[Supplied material]:

────────────────────

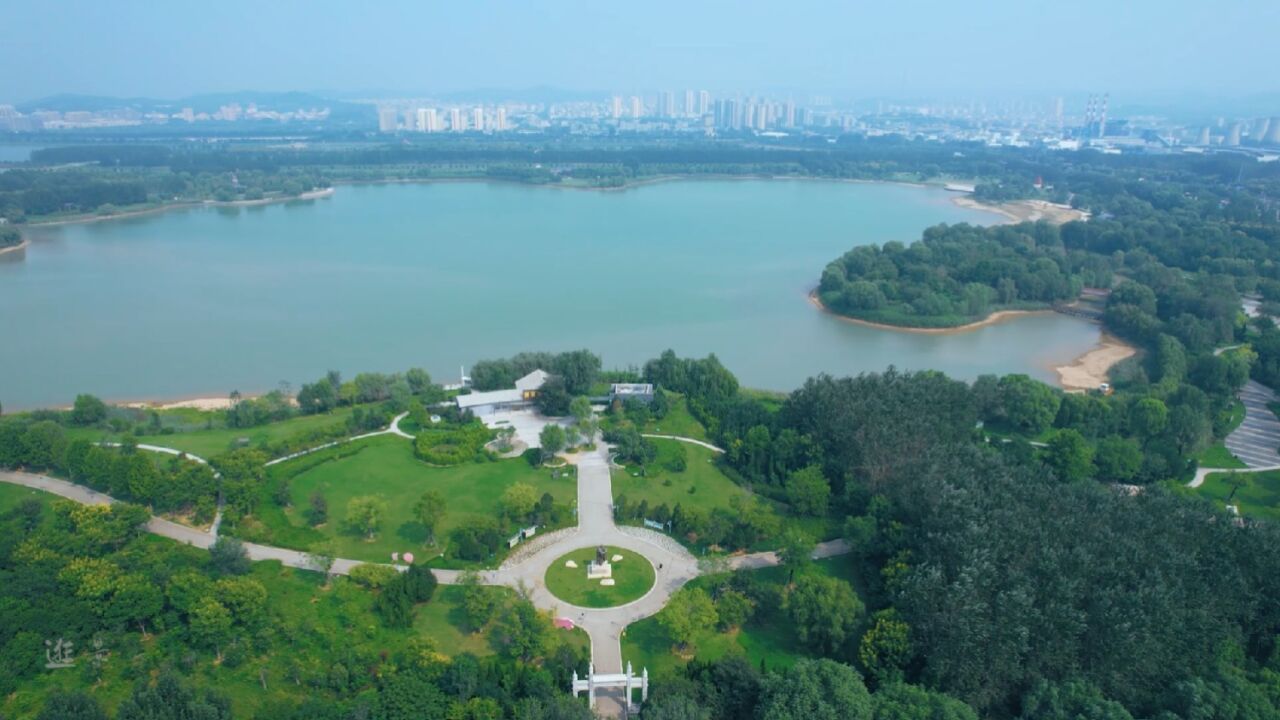 山东(平阴)黄河玫瑰湖生态湿地公园美景全貌.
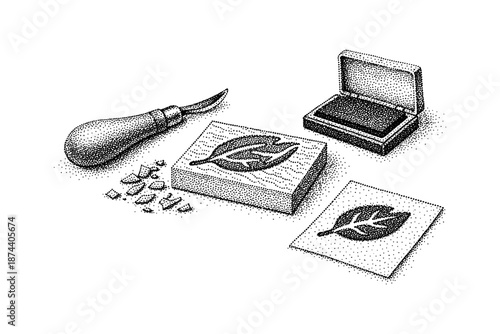 Vintage dotwork style leaf stamp set with carving tool and ink pad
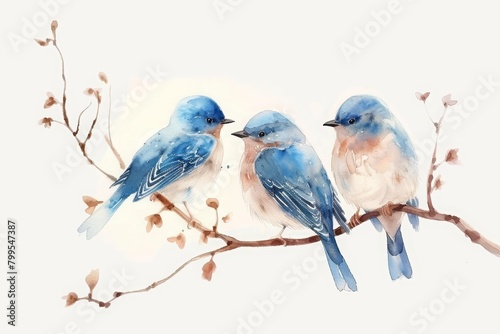 Lovely little bluebirds perched on a delicate branch, depicted in a clean watercolor painting, minimal watercolor style illustration isolated on white background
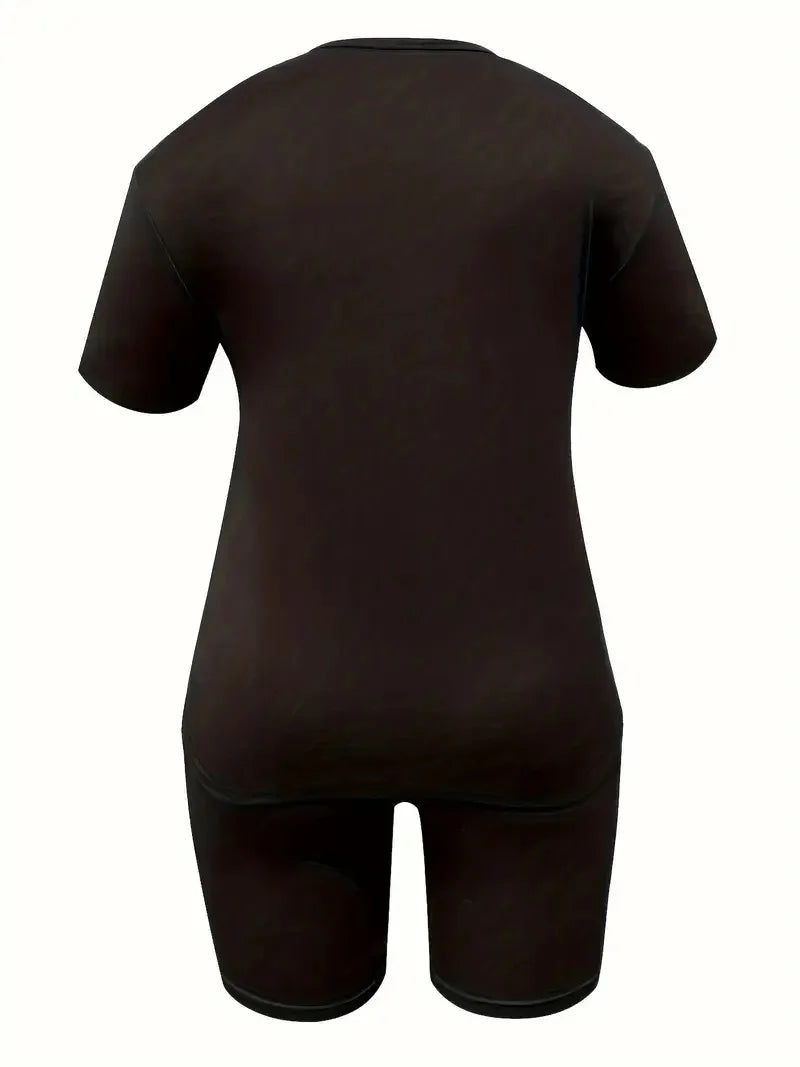 Plus Size Women's Casual Two-Piece Set Ohberri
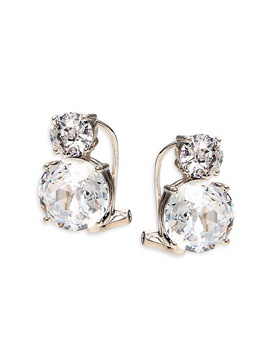 Rhodium Plated & Cubic Zirconia Clip On Earrings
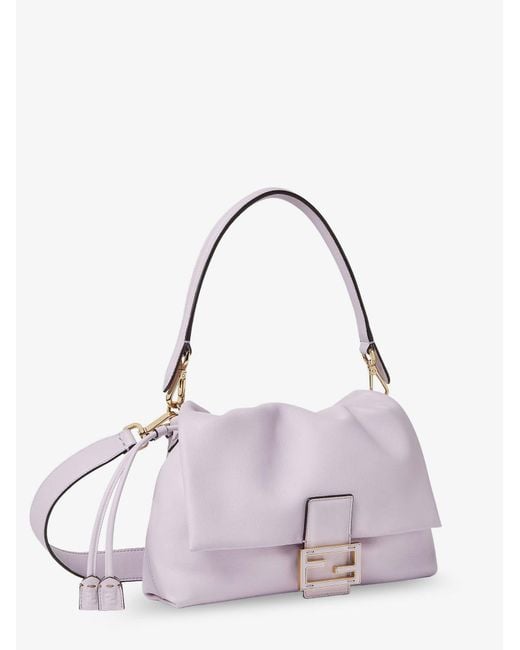 Fendi Purple Mamma Baguette Medium Leather Crossbody Bag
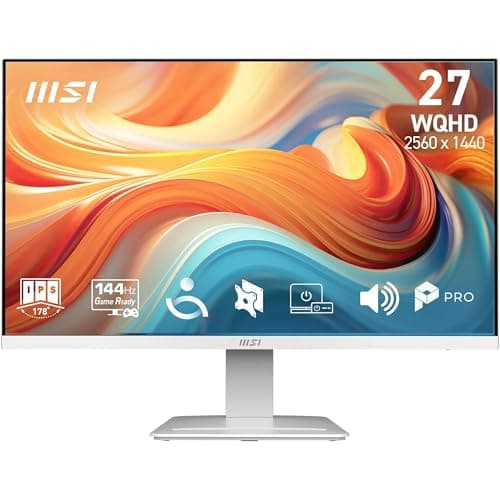 MSI PRO MP273QW E14 27-Inch WQHD Computer Monitor, 2560x1440 IPS, 144Hz, 1ms, HDR ready, Adaptive-Sync, Eye care, Built-in speaker, HDMI 2.0b, DP 1.2a, Frameless, Tilt Adjustable, Vesa Mount, Black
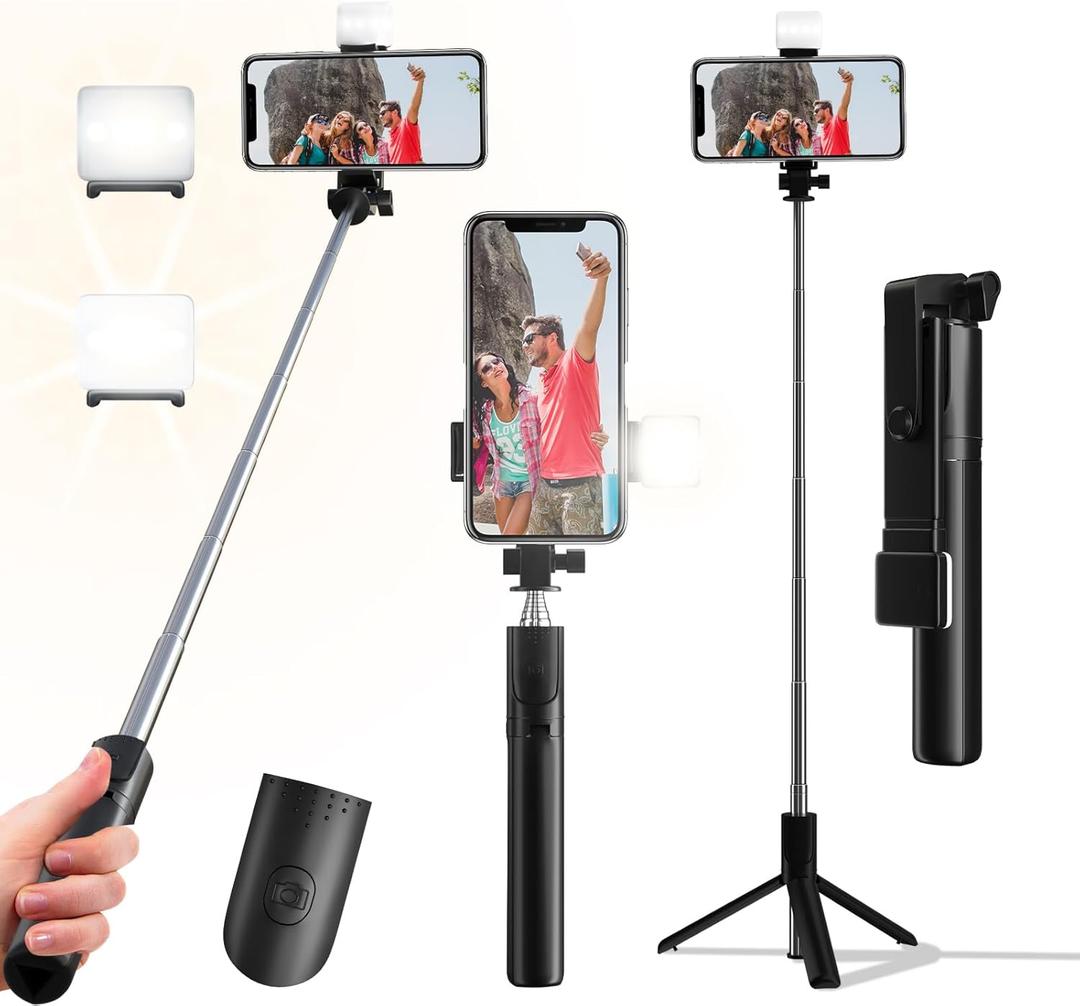 Selfie Stick, 40 in Retractable Phone Tripod with Wireless Remote Control & Light, Portable Selfie Stick Tripod for Photograph, Live Streaming, Video Recording, Compatible with All Cellphones (Black)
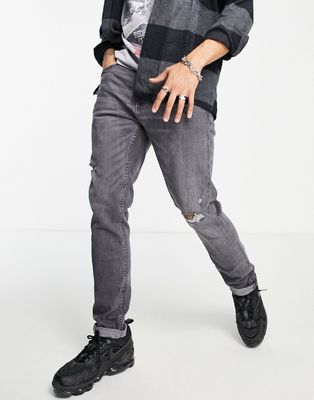 Pull & Bear slim fit jeans with rips in gray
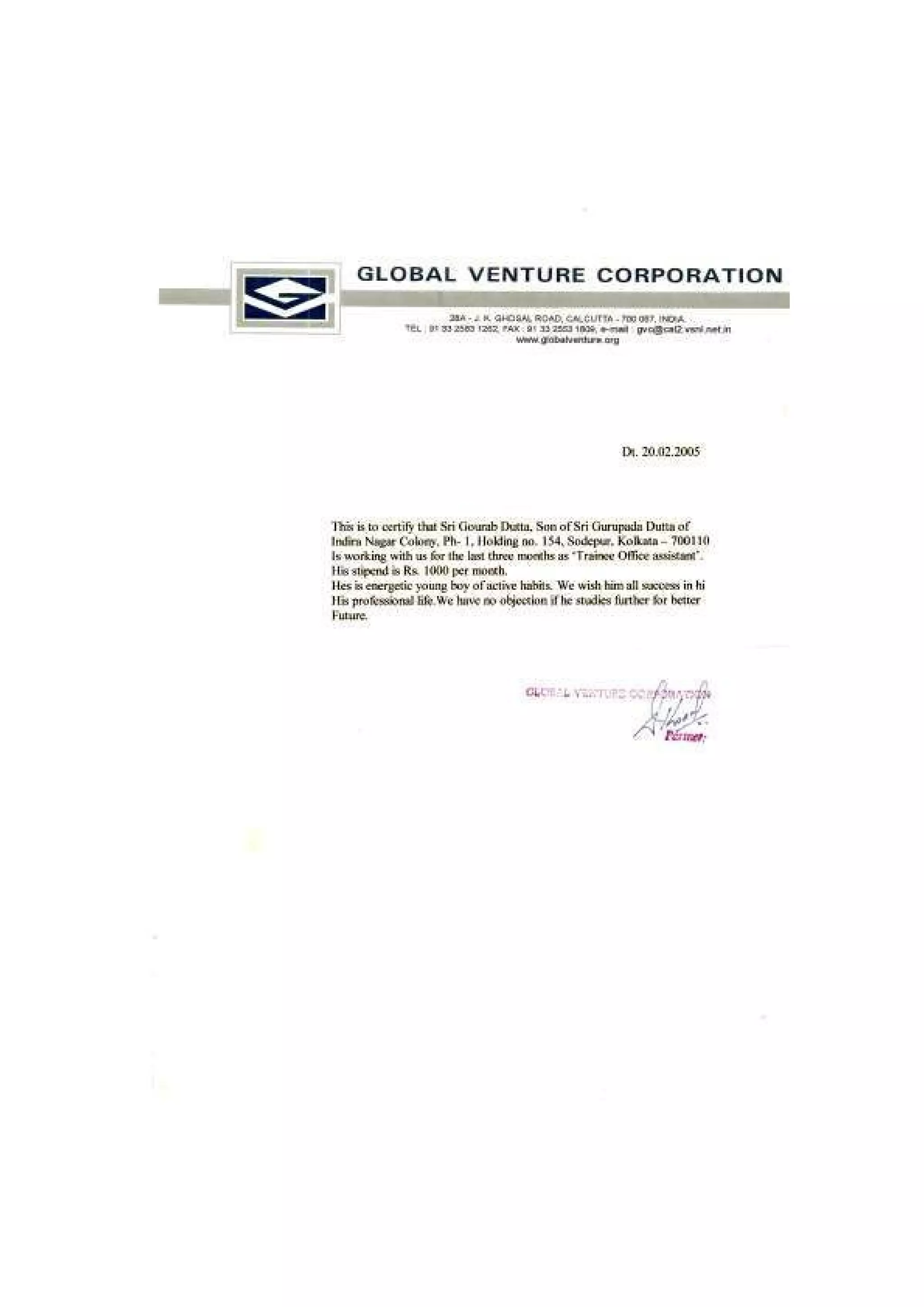 Global venture expereience certificate | PDF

────────────────────

[Brief]:
Take the material above and output only the lines from the one that contains "MSI PRO MP273QW" through the one that contains "Selfie Stick, 40", ends included and images left out.

[Answer to this exercise]:
 MSI PRO MP273QW E14 27-Inch WQHD Computer Monitor, 2560x1440 IPS, 144Hz, 1ms, HDR ready, Adaptive-Sync, Eye care, Built-in speaker, HDMI 2.0b, DP 1.2a, Frameless, Tilt Adjustable, Vesa Mount, Black
 Selfie Stick, 40 in Retractable Phone Tripod with Wireless Remote Control & Light, Portable Selfie Stick Tripod for Photograph, Live Streaming, Video Recording, Compatible with All Cellphones (Black)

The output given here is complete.